Exercise objective: Each word in the data below should be copied exactly; the images should not.

|---|

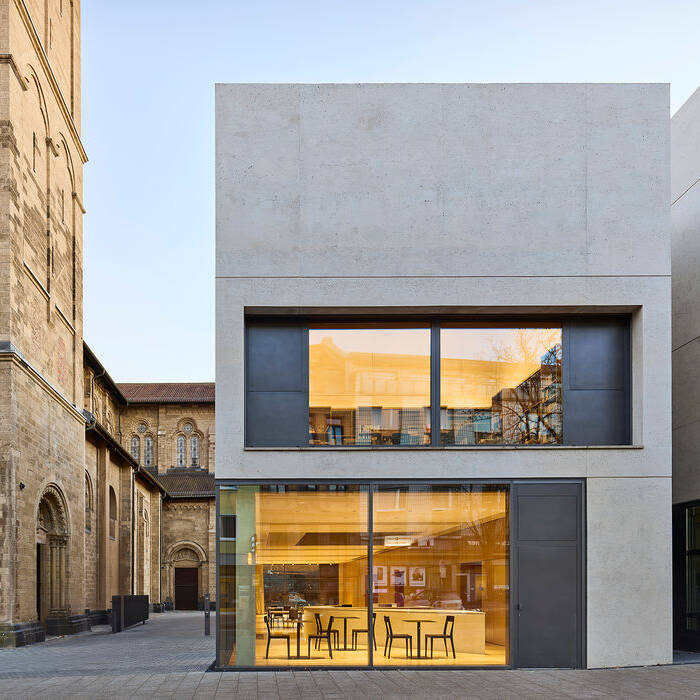 LR3112-24_15_700pixel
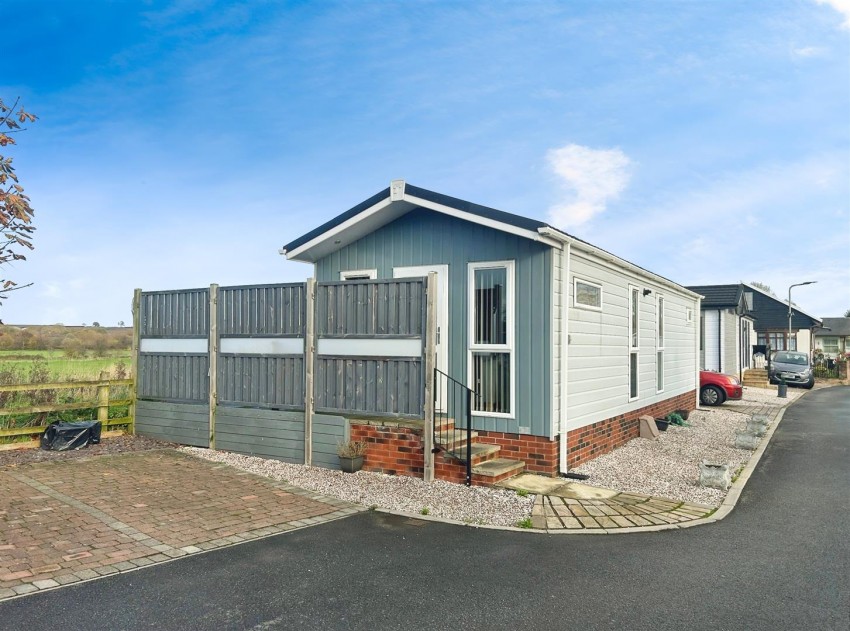 Images for 102, Riverdale Park, Staveley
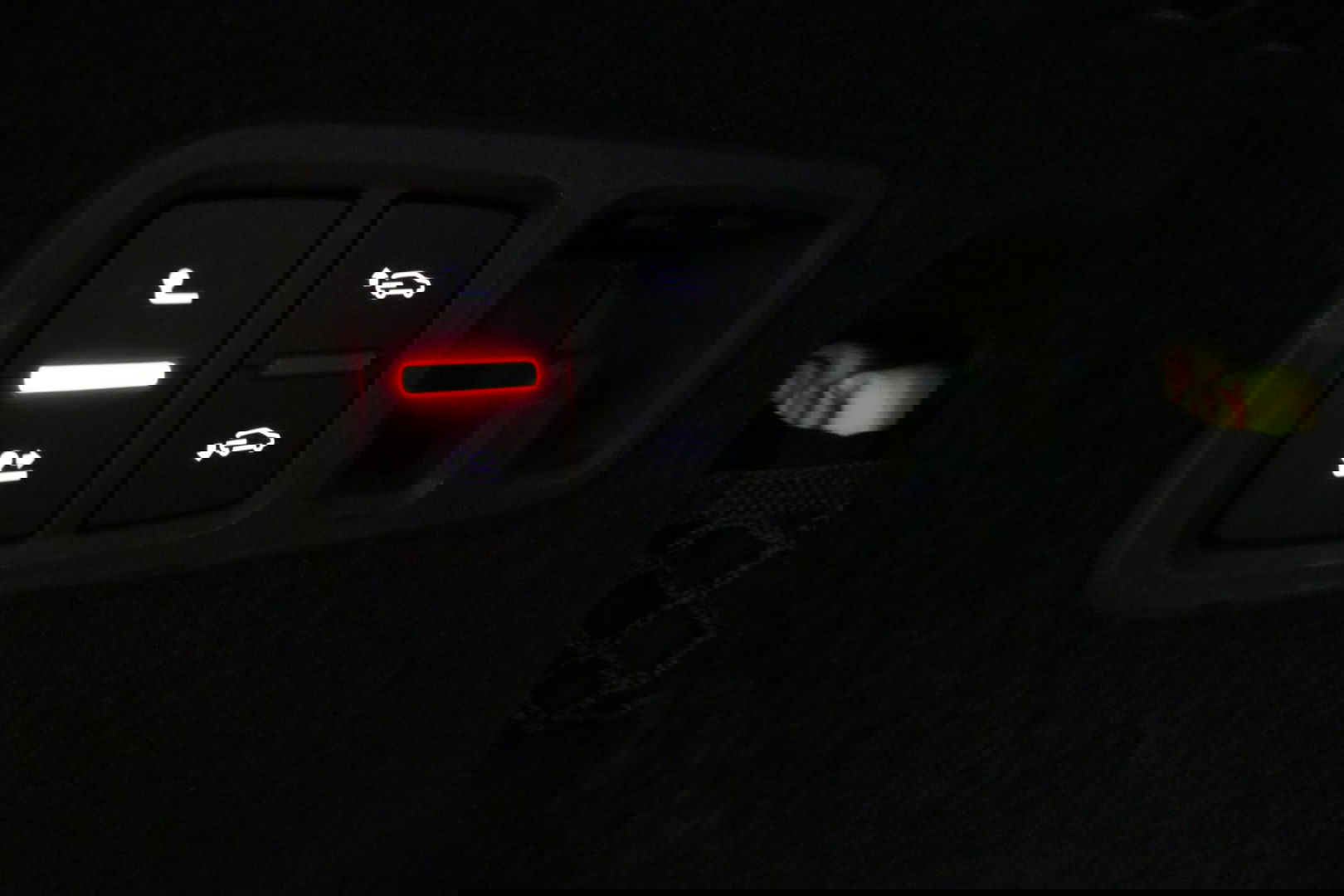 Audi Q8 60 TFSI e quattro Competition / S-Line / HD Matrix LED / Servosluiting / RS-Sportstoelen / Elektr. verstelbare voorstoelen / Head-Up Display / Stuur- & stoelverwarming / 360 graden camera / Bang & Olufsen Sound / Achterbank verwarming / 22'' LMV / Trekhaa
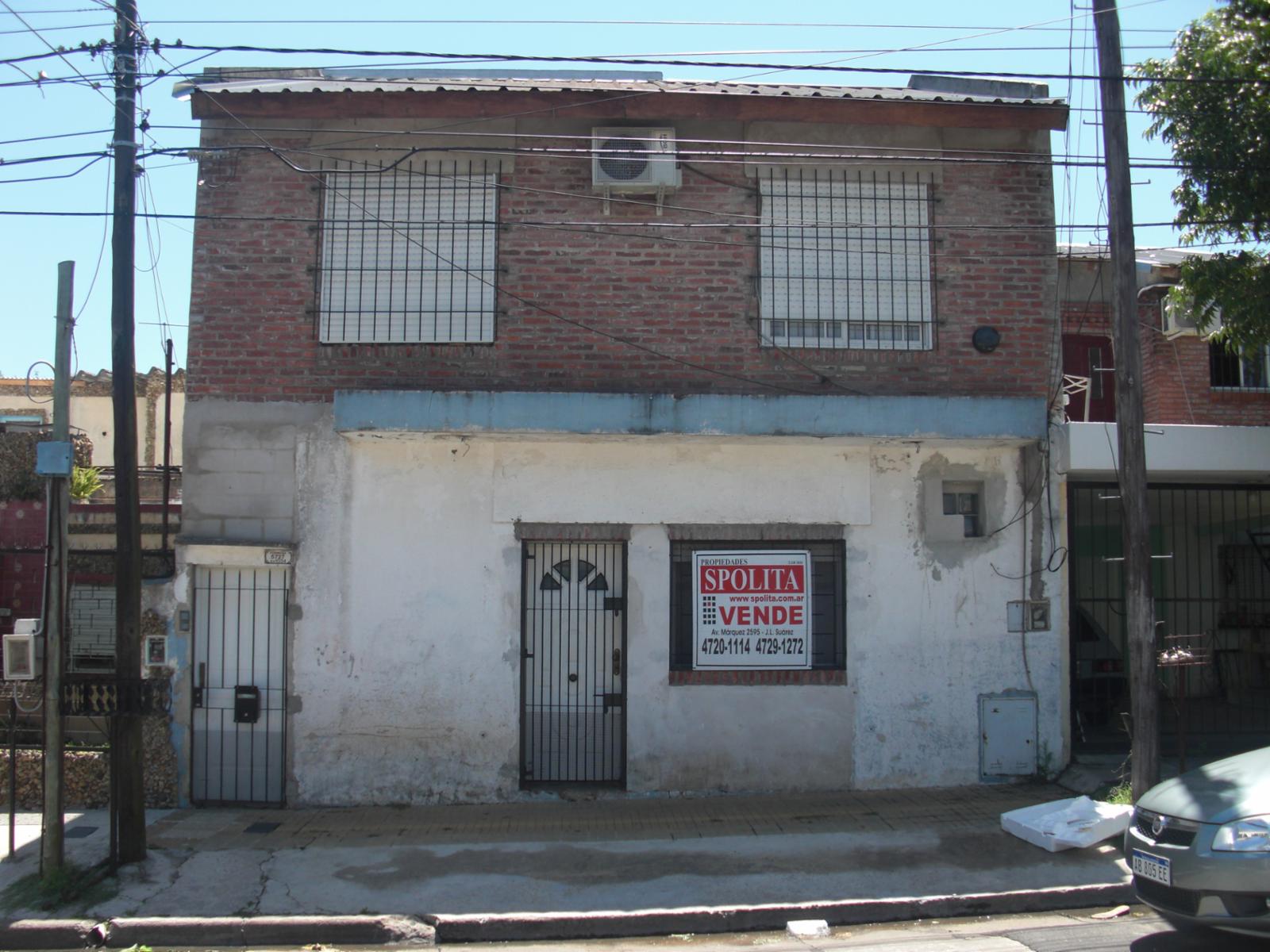 CASA MULTIFAMILIAR CON 4 DORMITORIOS, 2 BAÑOS PATIO CON PARRILLA. PLANTA ALTA A TERMINAR.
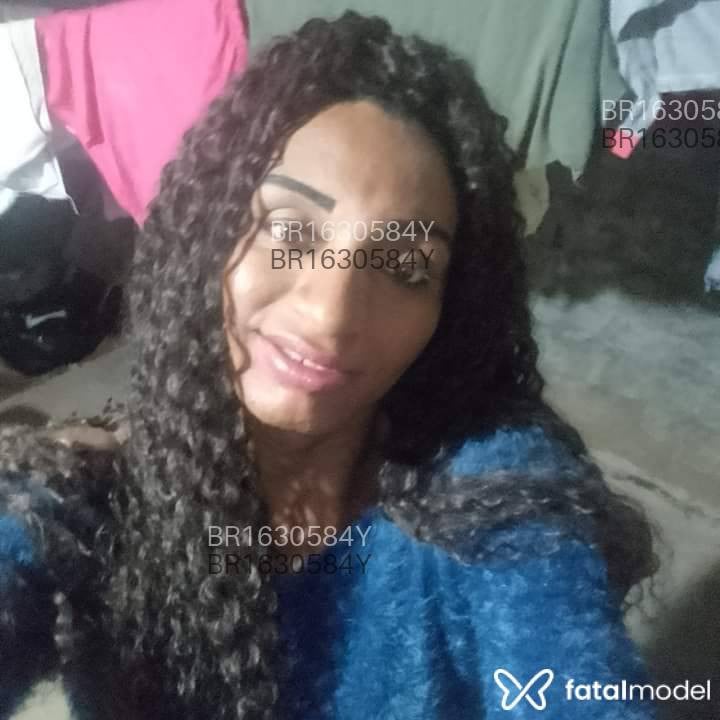 Acompanhante homem trans morena (o) de olhos castanhos em Araguari Acompanhante homem trans morena (o) de olhos castanhos em Araguari - Estefani
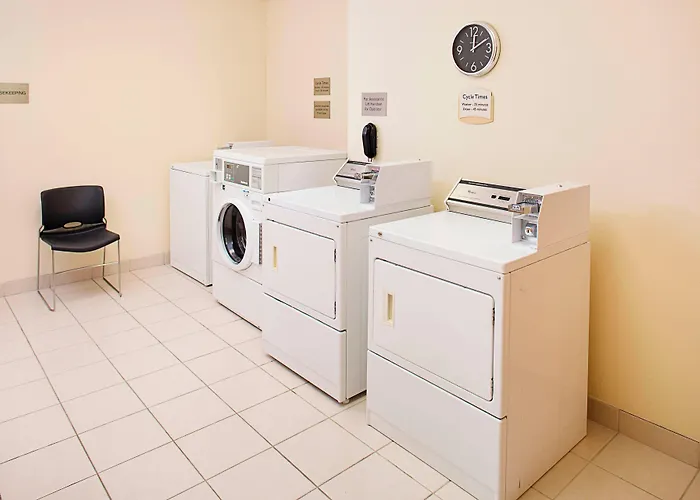 Fairfield Inn & Suites By Marriott San Antonio Seaworld / Westover Hills
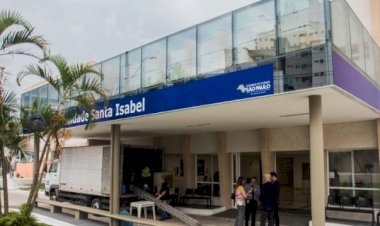 Bebê morre durante parto em Bauru após hospital forçar parto normal; família alega negligência médica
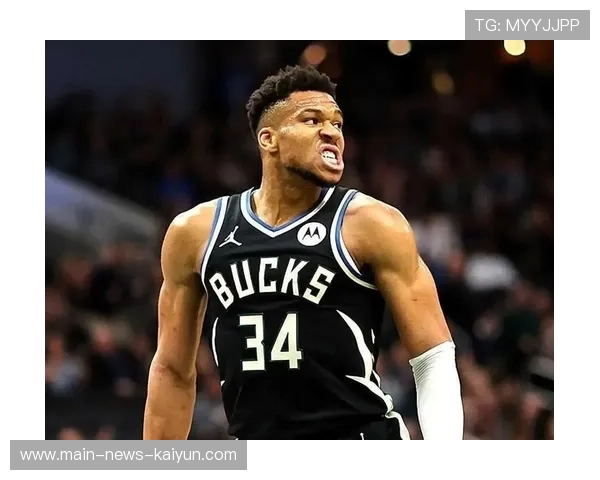 字母哥私下教小孩投篮，耐心十足被赞祖传好脾气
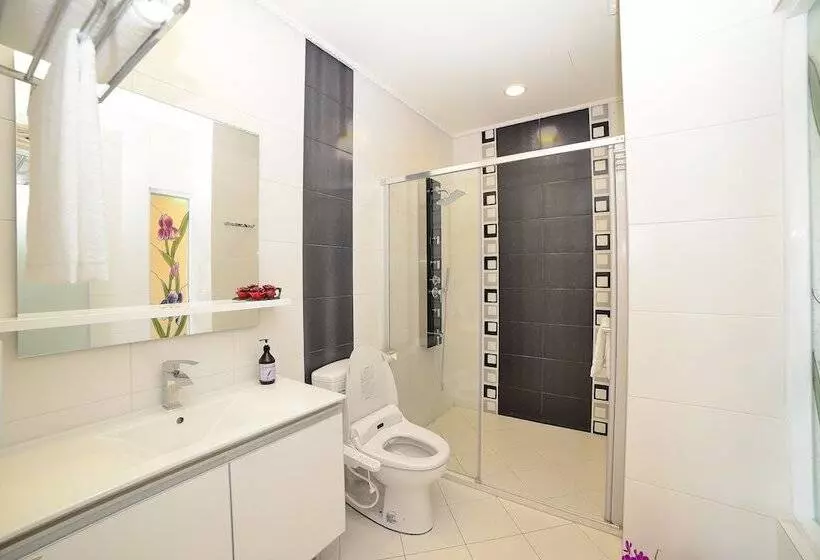 تختخواب و صبحانه Victoria Manor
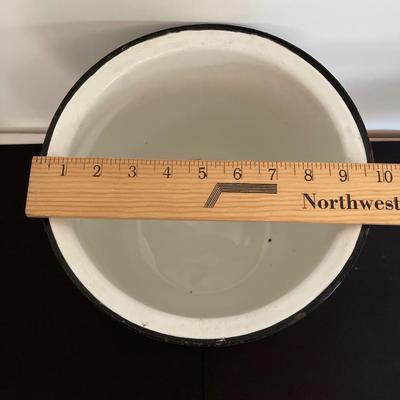 Enamelware pail with wood handle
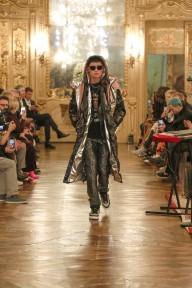 Look 14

|---|

Answer section:
 LR3112-24_15_700pixel
 Images for 102, Riverdale Park, Staveley
 Audi Q8 60 TFSI e quattro Competition / S-Line / HD Matrix LED / Servosluiting / RS-Sportstoelen / Elektr. verstelbare voorstoelen / Head-Up Display / Stuur- & stoelverwarming / 360 graden camera / Bang & Olufsen Sound / Achterbank verwarming / 22'' LMV / Trekhaa
 CASA MULTIFAMILIAR CON 4 DORMITORIOS, 2 BAÑOS PATIO CON PARRILLA. PLANTA ALTA A TERMINAR.
 Acompanhante homem trans morena (o) de olhos castanhos em Araguari Acompanhante homem trans morena (o) de olhos castanhos em Araguari - Estefani
 Fairfield Inn & Suites By Marriott San Antonio Seaworld / Westover Hills
 Bebê morre durante parto em Bauru após hospital forçar parto normal; família alega negligência médica
 字母哥私下教小孩投篮，耐心十足被赞祖传好脾气
 تختخواب و صبحانه Victoria Manor
 Enamelware pail with wood handle
 Look 14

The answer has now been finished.